[[ LISTED RECORDS, beginning ]]
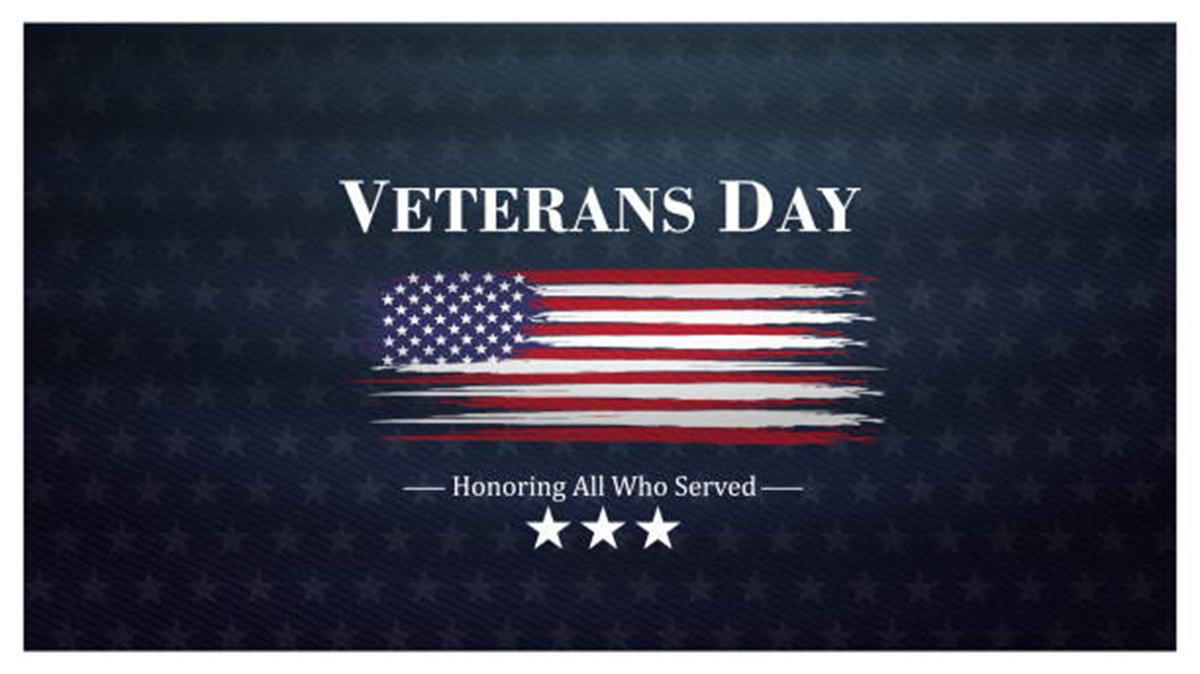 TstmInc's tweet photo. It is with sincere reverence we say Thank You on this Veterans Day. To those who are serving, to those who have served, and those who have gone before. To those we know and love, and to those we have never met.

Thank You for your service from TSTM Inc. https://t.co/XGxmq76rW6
[[ LISTED RECORDS, end ]]
[[ LISTED RECORDS, beginning ]]
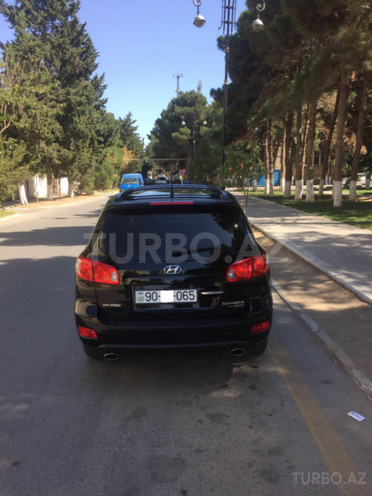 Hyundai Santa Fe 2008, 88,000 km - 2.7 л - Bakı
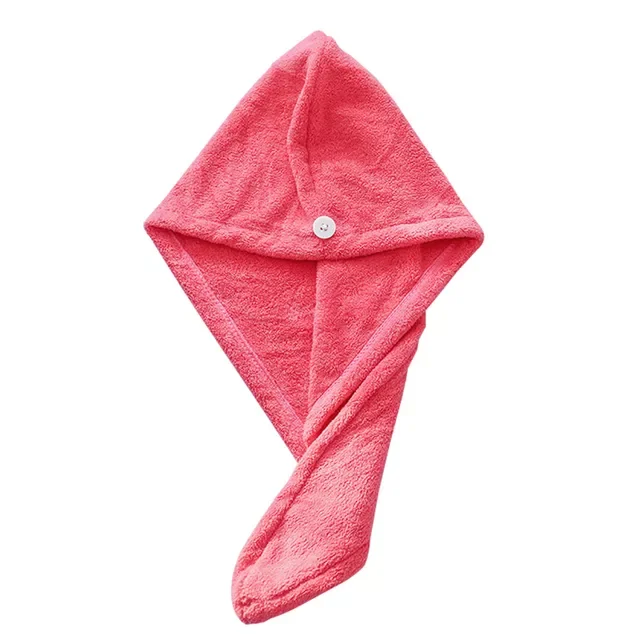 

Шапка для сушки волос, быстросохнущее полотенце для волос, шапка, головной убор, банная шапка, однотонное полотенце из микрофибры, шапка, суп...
[[ LISTED RECORDS, end ]]
[[ LISTED RECORDS, beginning ]]
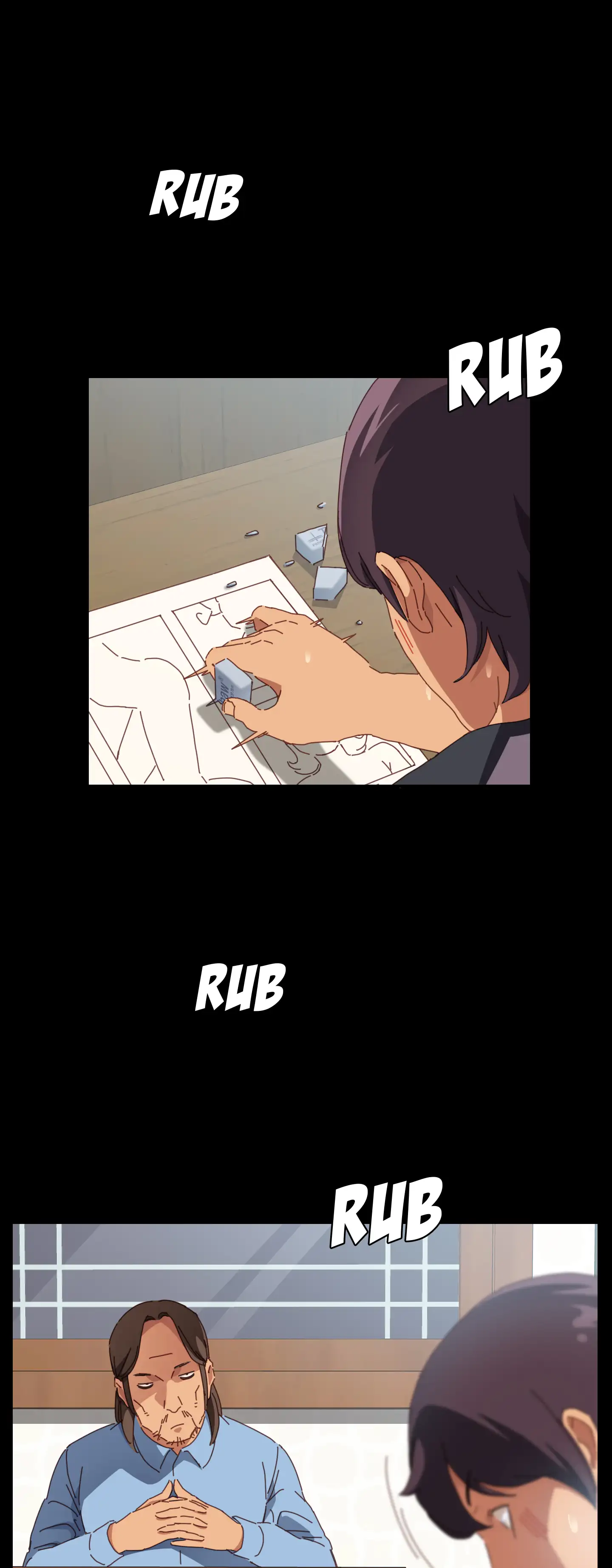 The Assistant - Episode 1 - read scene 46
[[ LISTED RECORDS, end ]]
- TRY IT
Your copy should hold the lines from the one with "TstmInc's tweet photo." up to and including the one with "Thank You for", exactly as in the data above, and no pictures.

- ANSWER BOX
 TstmInc's tweet photo. It is with sincere reverence we say Thank You on this Veterans Day. To those who are serving, to those who have served, and those who have gone before. To those we know and love, and to those we have never met.

Thank You for your service from TSTM Inc. https://t.co/XGxmq76rW6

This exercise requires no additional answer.